[What the task asks]
Set the data down exactly as it stands, and keep its pictures out.

[Recorded information]

- Opening Delimiter -

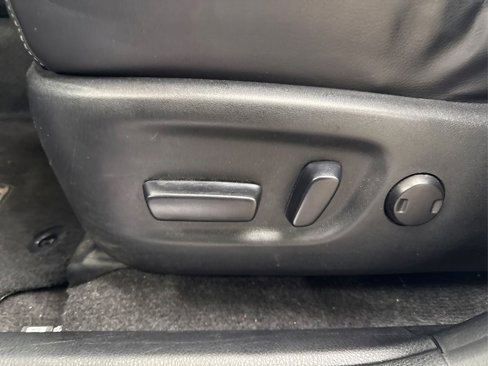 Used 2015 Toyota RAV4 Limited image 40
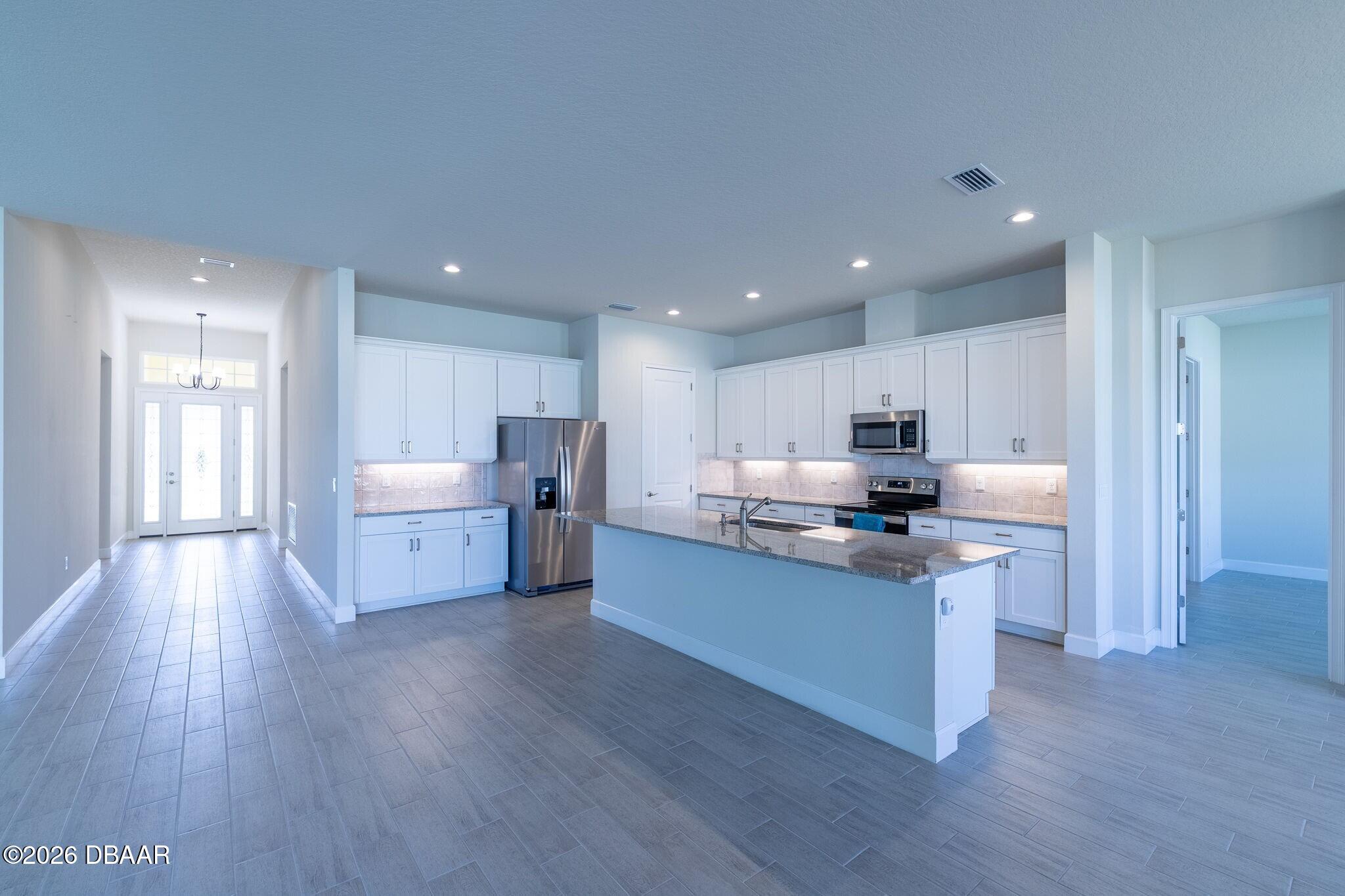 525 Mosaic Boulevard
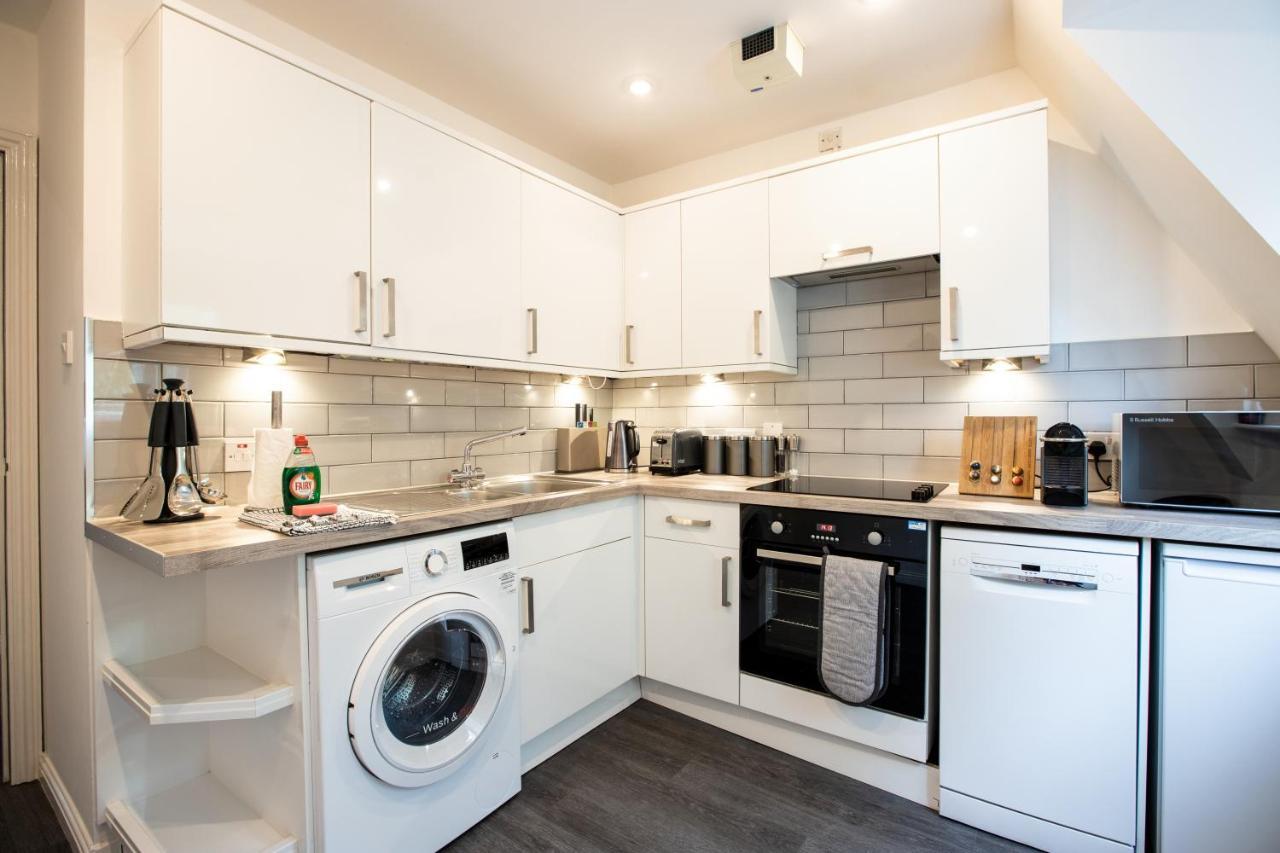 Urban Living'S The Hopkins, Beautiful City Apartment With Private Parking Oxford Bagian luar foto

- Closing Delimiter -

[Answer to this exercise]
 Used 2015 Toyota RAV4 Limited image 40
 525 Mosaic Boulevard
 Urban Living'S The Hopkins, Beautiful City Apartment With Private Parking Oxford Bagian luar foto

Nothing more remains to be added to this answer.